The background is the financial deterioration of an economy quashed by debt, whose increasingly loud groans shed light on a political class that plays with stopping payments and the explosion of global capitalism, as if it were disputing the outcome of a baseball game or some local election. The tragedy is assumed with absolute frivolity; the decadence numbs the ruling elites.

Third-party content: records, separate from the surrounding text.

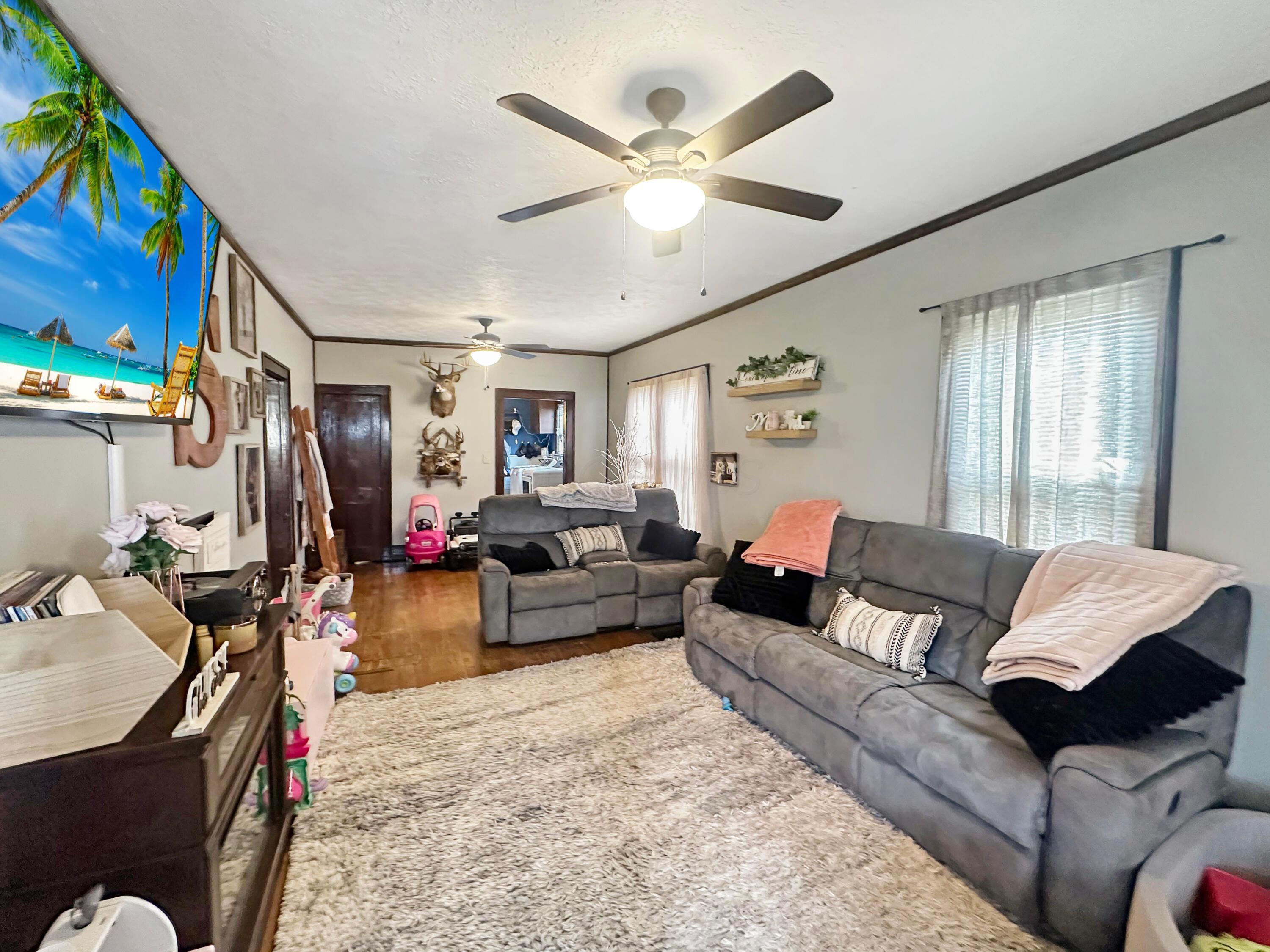 113 Chestnut Street, Corning, Ohio image 3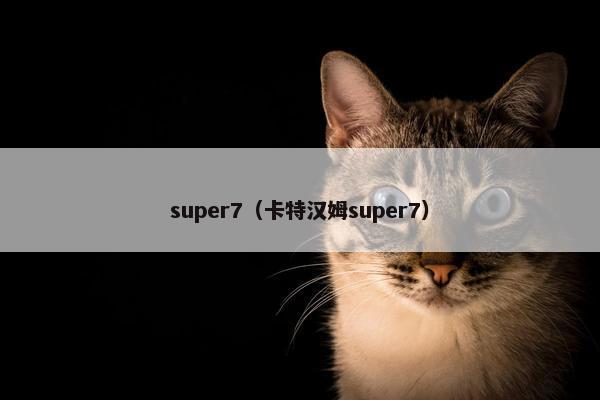 super7（卡特汉姆super7）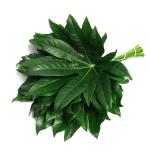 aralia-list-1.jpg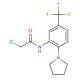 2-chloro-N-[2-pyrrolidin-1-yl-5-(trifluoromethyl)phenyl]acetamide - chemical structure image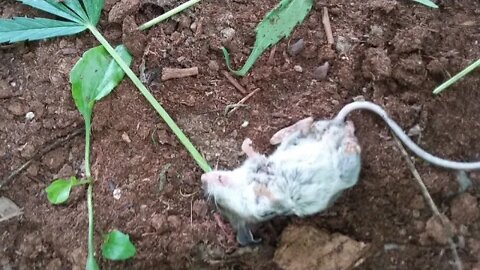 Distracted by cats, a rat pretends to faint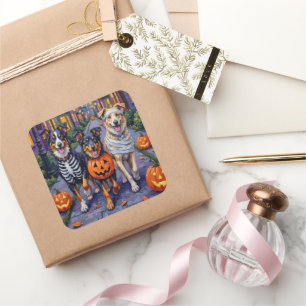 Australian Shepherd beim Trick-or-Treat an Hallowe Quadratischer Aufkleber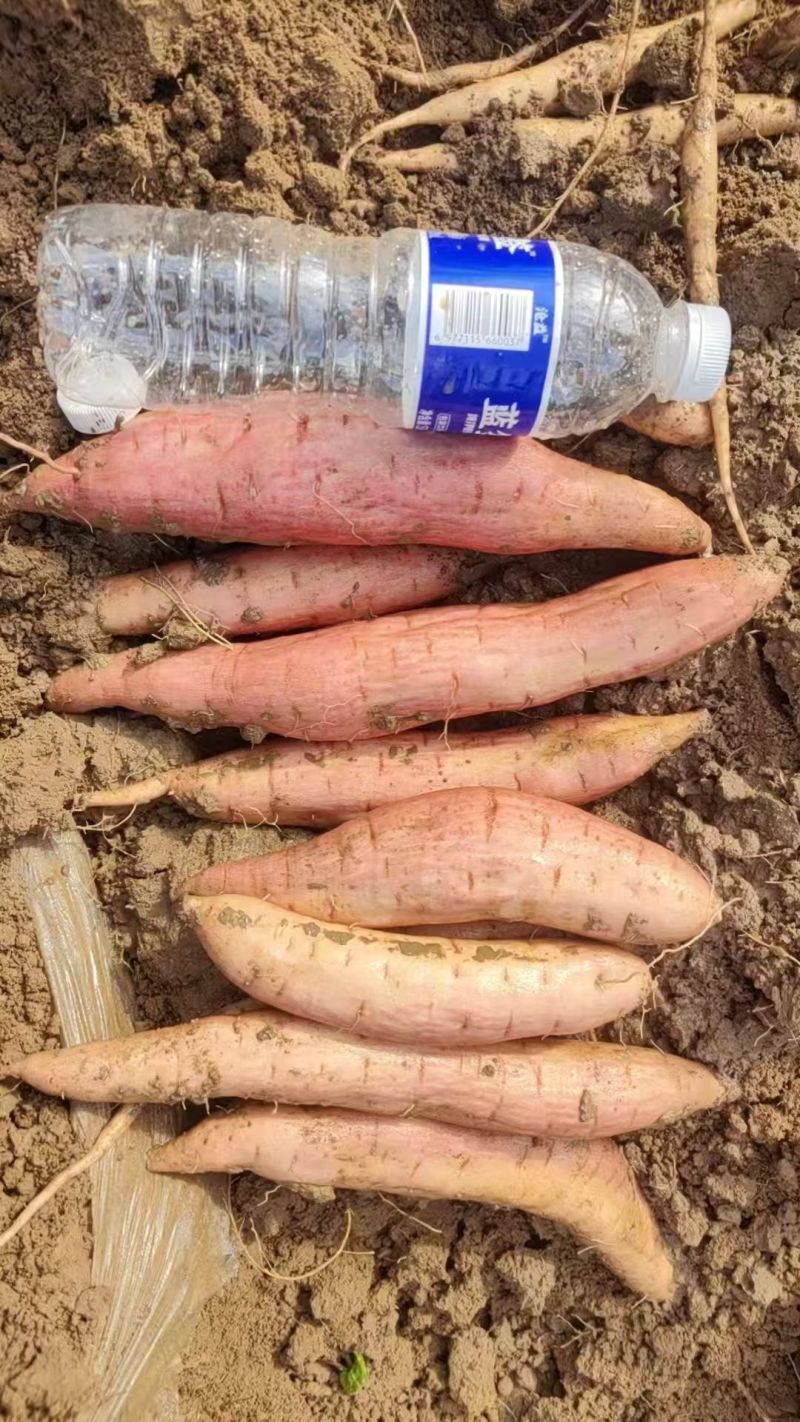 糖心流蜜烟薯25批发，烤薯专用甜糯无丝，耐储存基地直供！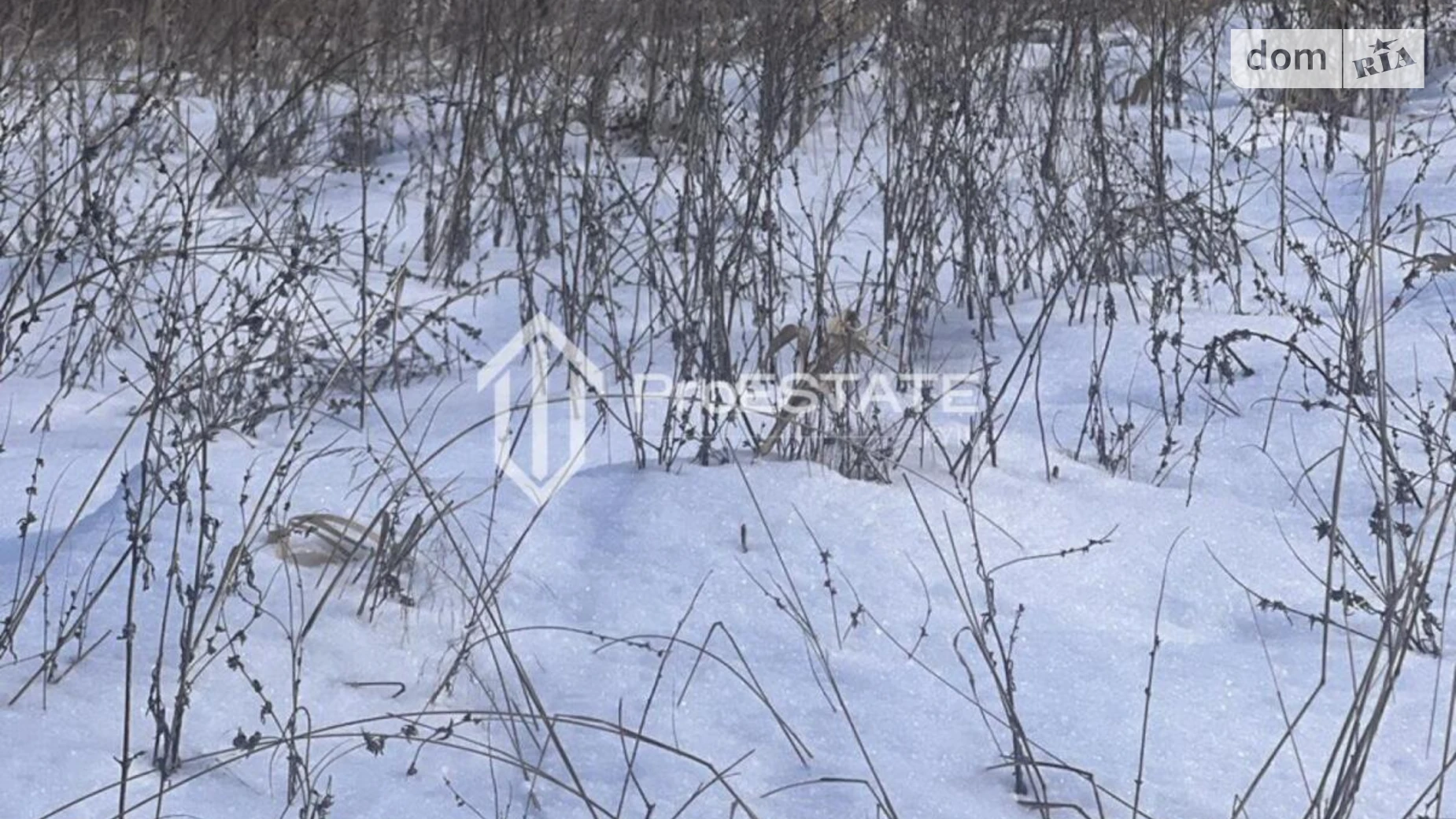 Продается земельный участок 200 соток в Киевской области, цена: 30000 $ - фото 5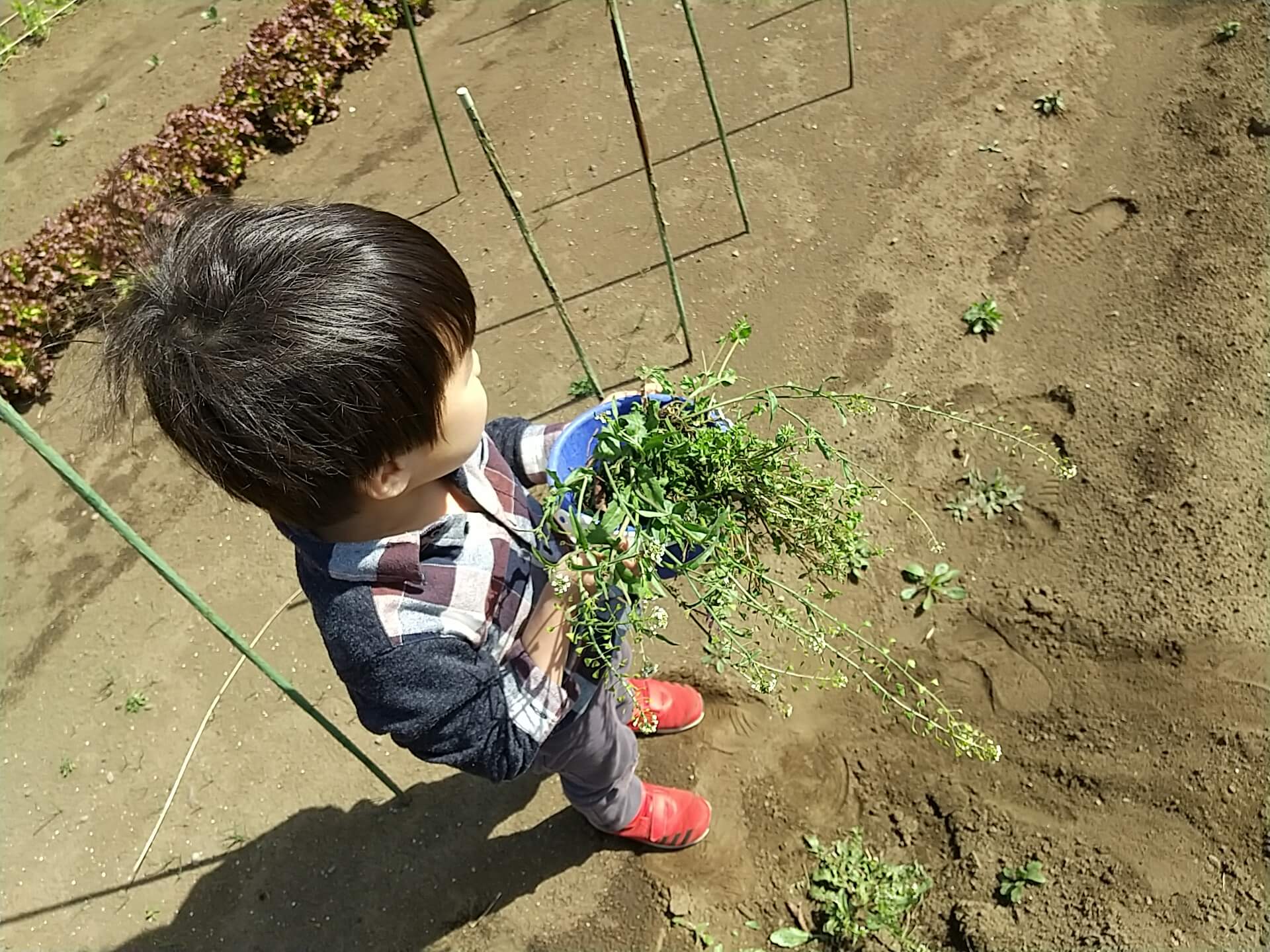 抜いた雑草のかたまり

These two facts — the political-military failure in Syria, plus the political-institutional scandal concerning the default and the economic mess that supports it — foster a third destructive phenomenon, the exhaustion of the imperial unipolarity, the rapid loss of relative U.S. world power. This compels the advance of regional powers and gives at least two aspiring ones a prominent global role: Russia and China. However, those movements do not impose the construction of a multipolar world, meaning the complete redistribution of the planet among a group reduced from the empires. What is now being produced — and is now speeding up — is a process of depolarization, and not of multipolarization, where neither one, nor three, superpowers can control the global system. It is the imperial hierarchy of capitalism, as manipulated by one master or several, that goes throughout the system’s entire history, which finds itself in decadence. In the first place, it will involve the old poles, such as the United States, the great Western European powers — Germany, England, France — and Japan, but also new or renewed powers: The Chinese economy is deflating, following the route that its industrial export system grades for its great declining clients: the United States, Japan and EU. The Russian economy is stagnating in 2013, and the predictions for 2014 are worse; the recession in Europe affects its energy exports. India and Brazil are in no better a situation: In both cases, the economy is stagnant and threatens to go into recession. All of the great economies are finding themselves trapped by the crisis — the traditional ones, as well as the emerging ones, those who take refuge in neoliberalism, and those who practice state capitalism. The motor of decadence is the G-7, while the BRICS are gradually — for now — entering into the common procedures.

The global depolarization seems to be a complex phenomenon, with contradictory images, where some powers fall back and others advance, where some only seem to recover to later fall back into decline. Others seem to be free of the depressive wave, only to suffer the impacts of the global entropic forces later down the road. It is necessary to understand the details, the specifics, but without losing sight of the bigger picture: the global systematic decadence.

The depolarization does not establish a sort of global, democratized capitalism, with less imperialism, with more articulated national or regional autonomy expanding its productive strengths. The illusion of progressive depolarization is no less unreal than that of orderly multipolarity. Reality shows the system headed toward larger and larger convulsions, toward the generalization of disorder, environmental self-destruction, enlarged playback of the economy tending toward zero and announcing becoming negative. It is capitalism being exhausted, which, in being depolarized, disarticulates itself, presenting future brutality, but also of insurgent messengers of liberating utopias.